June 10, 2016

ROSEMARY - PLANT OF THE MONTH FOR JUNE

I have grown Rosemary in my garden as for the last 15 years. The only time I've been without it was was the year that our winter was so harsh that all the Rosemary in Tennessee was killed by the cold. I grow it in containers and in the ground and DO NOT TAKE IT INTO THE HOUSE IN WINTER. Taking it in is a sure way to kill it! Those little Rosemary Christmas trees you find at the big box store are rarely going to survive inside all winter. My friend told me about Rosemary hedges in Maine - so I think it will survive our Zone 6 winter. Resist the urge to buy Rosemary in winter. Instead, purchase a plant in spring and plant it in a sheltered place outside. Mine is against the side of my house, mostly because it is the sunniest place in my yard and convenient to reach for snipping a branch when I want to use it.

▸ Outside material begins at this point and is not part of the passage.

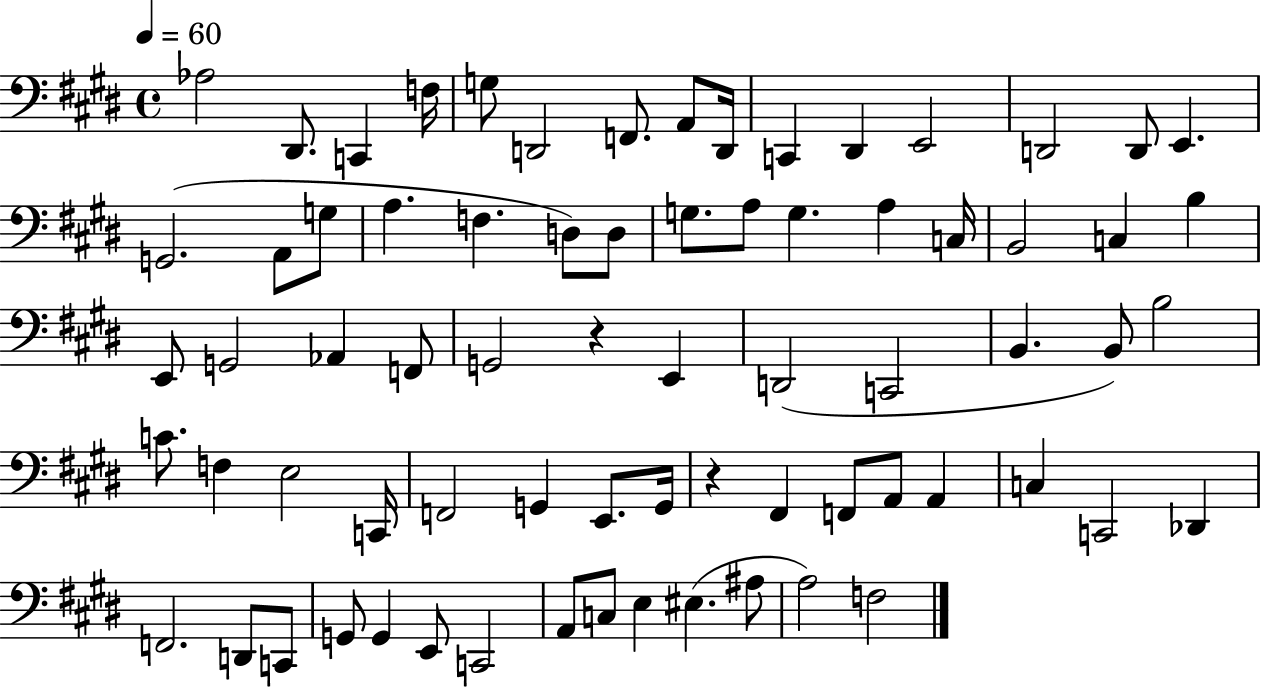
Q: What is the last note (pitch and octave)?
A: F3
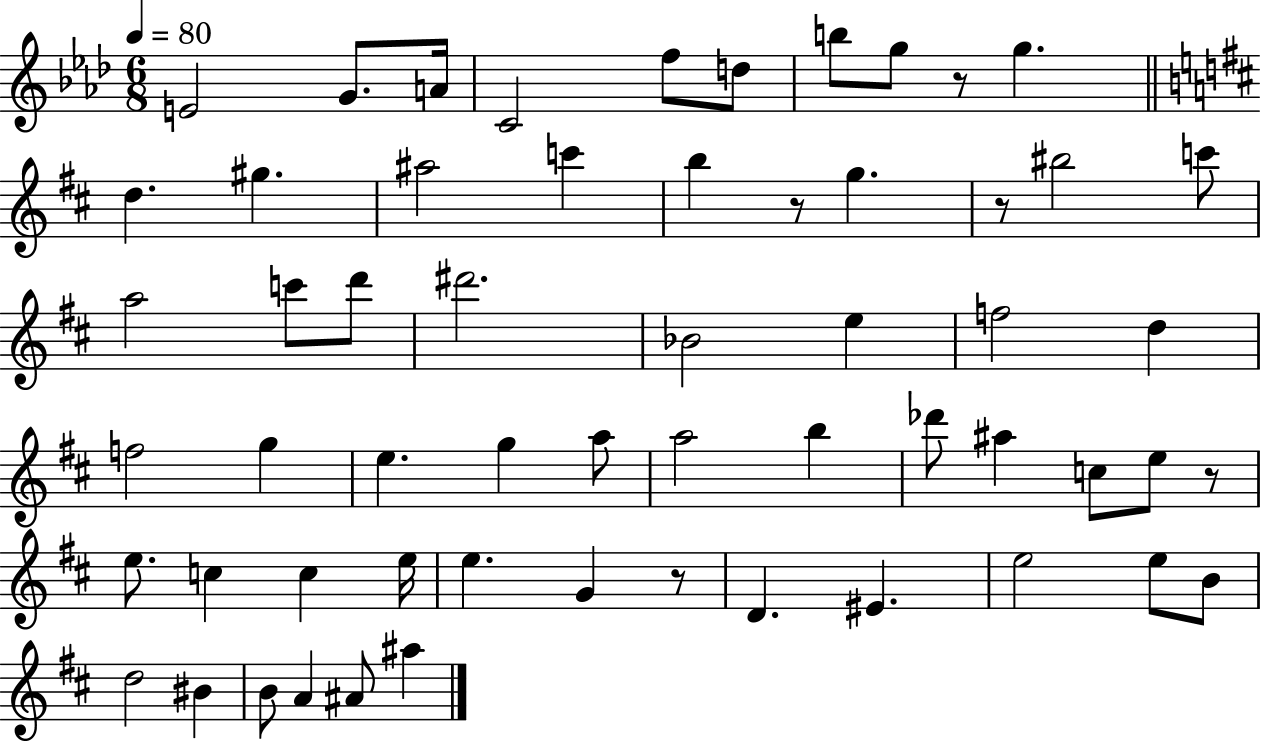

With all that said, Rosemary wants to be in as much sun as you can give it (half day for me - my yard is shady) and once established, I let God water it. It is a Mediterranean plant and loves hot and dry.

Besides it's culinary uses - wonderful on Chicken and fish, it has medicinal uses as well. Below is a quote from Mercola.com about healthy uses for Rosemary.

"It was an old custom to burn rosemary in sick chambers, and in French hospitals it is customary to burn rosemary with juniper berries to purify the air and prevent infection. Like rue, it was placed in the dock of courts of justice, as a preventative from the contagion of gaol-fever." 
Gaol, or jail, was where a number of prisoners contracted a typhus-like, highly infectious disease. The physicians of the period may have been on to something, because modern-day scientists have identified rosemary as an herb with anti-bacterial qualities.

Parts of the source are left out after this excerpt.